___ Task inputs

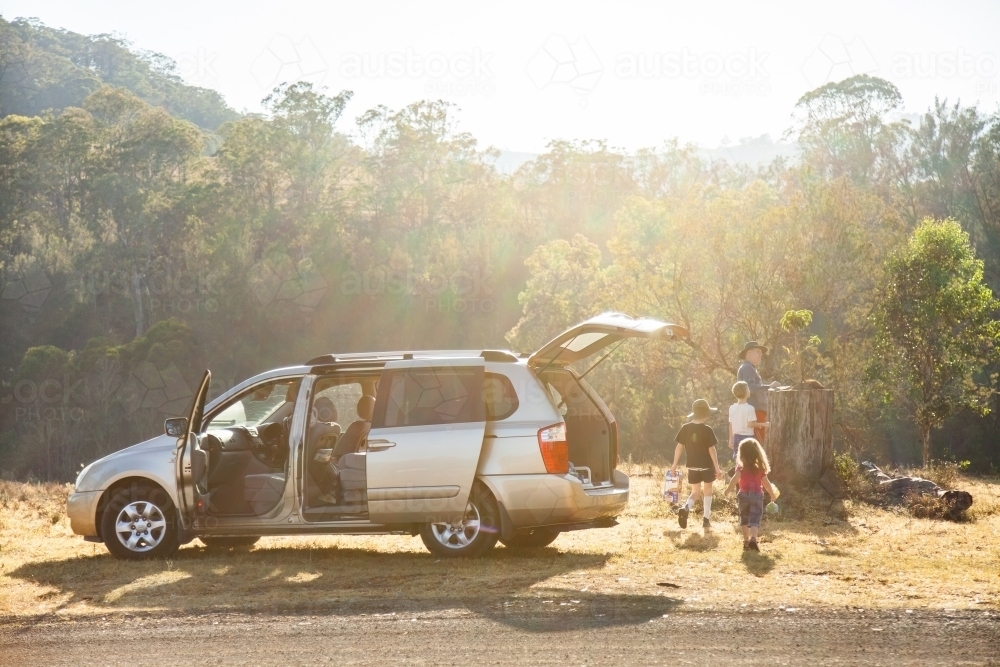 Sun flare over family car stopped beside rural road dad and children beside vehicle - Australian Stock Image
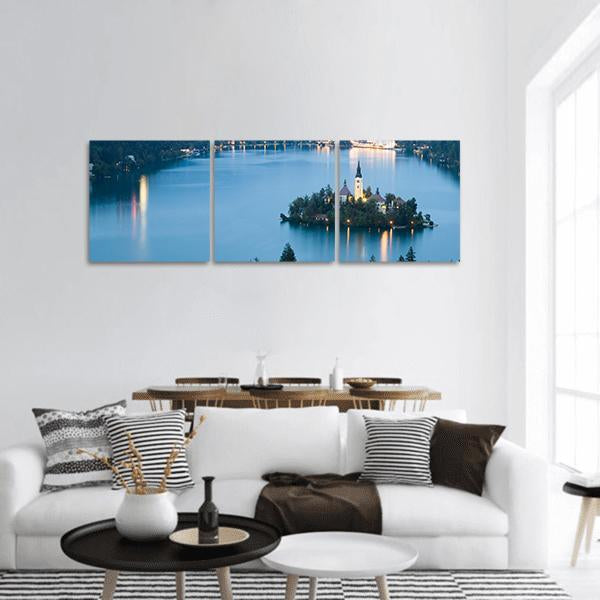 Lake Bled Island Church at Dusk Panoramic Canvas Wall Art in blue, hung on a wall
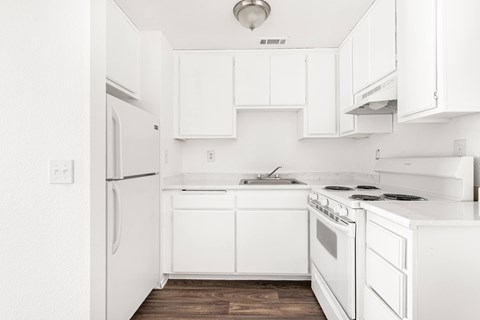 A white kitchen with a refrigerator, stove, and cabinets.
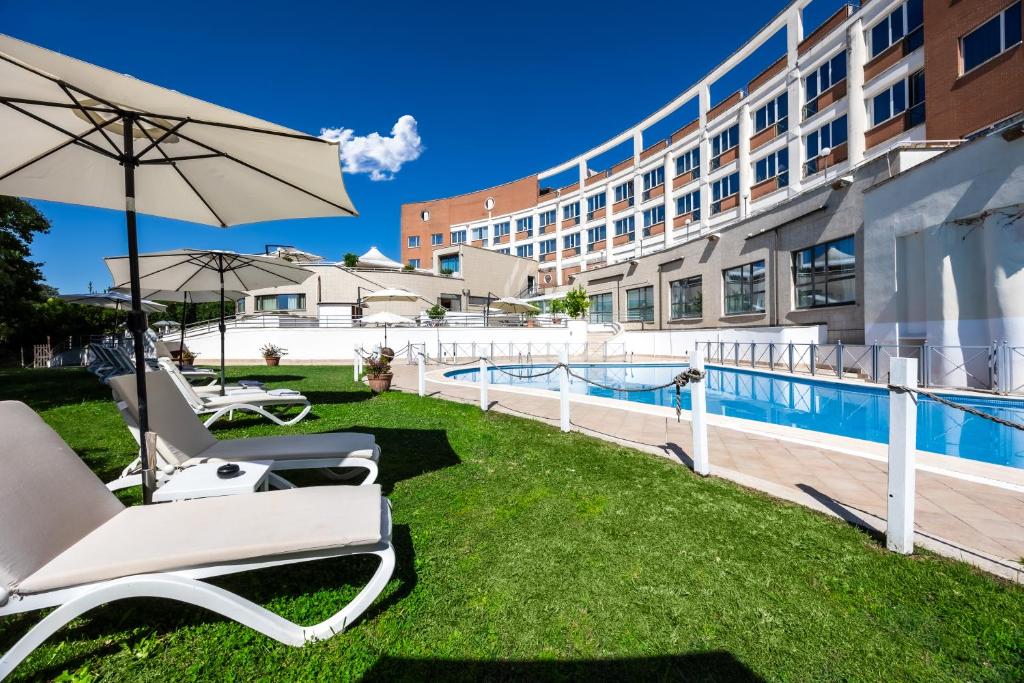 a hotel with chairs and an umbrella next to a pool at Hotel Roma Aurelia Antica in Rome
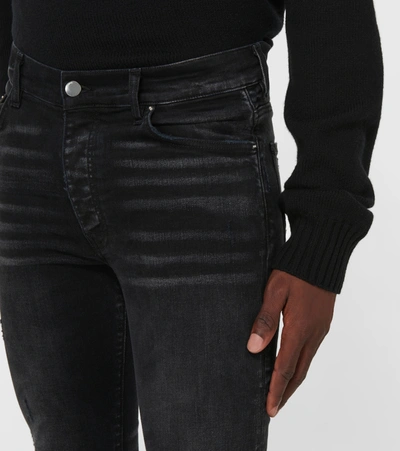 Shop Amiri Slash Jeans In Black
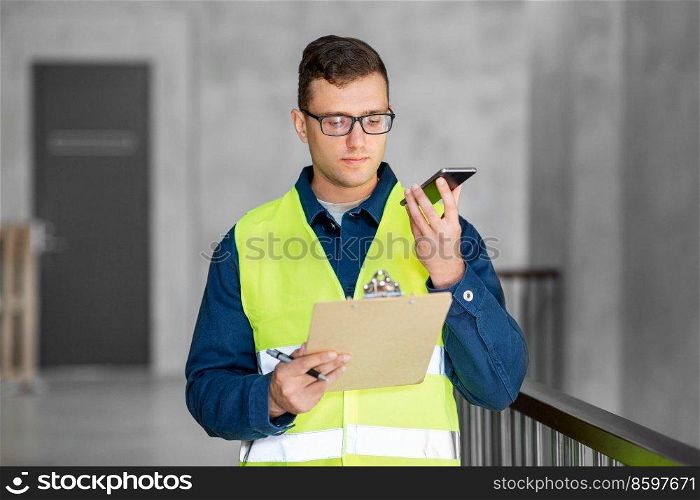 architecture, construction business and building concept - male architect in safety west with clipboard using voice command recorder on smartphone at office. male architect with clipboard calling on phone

______

Taking the entries above, extract every line from the one bearing "Lake Bled Island" through the one bearing "Shop Amiri Slash Jeans In Black", exactly, with no pictures.

 Lake Bled Island Church at Dusk Panoramic Canvas Wall Art in blue, hung on a wall
 A white kitchen with a refrigerator, stove, and cabinets.
 a hotel with chairs and an umbrella next to a pool at Hotel Roma Aurelia Antica in Rome
 Shop Amiri Slash Jeans In Black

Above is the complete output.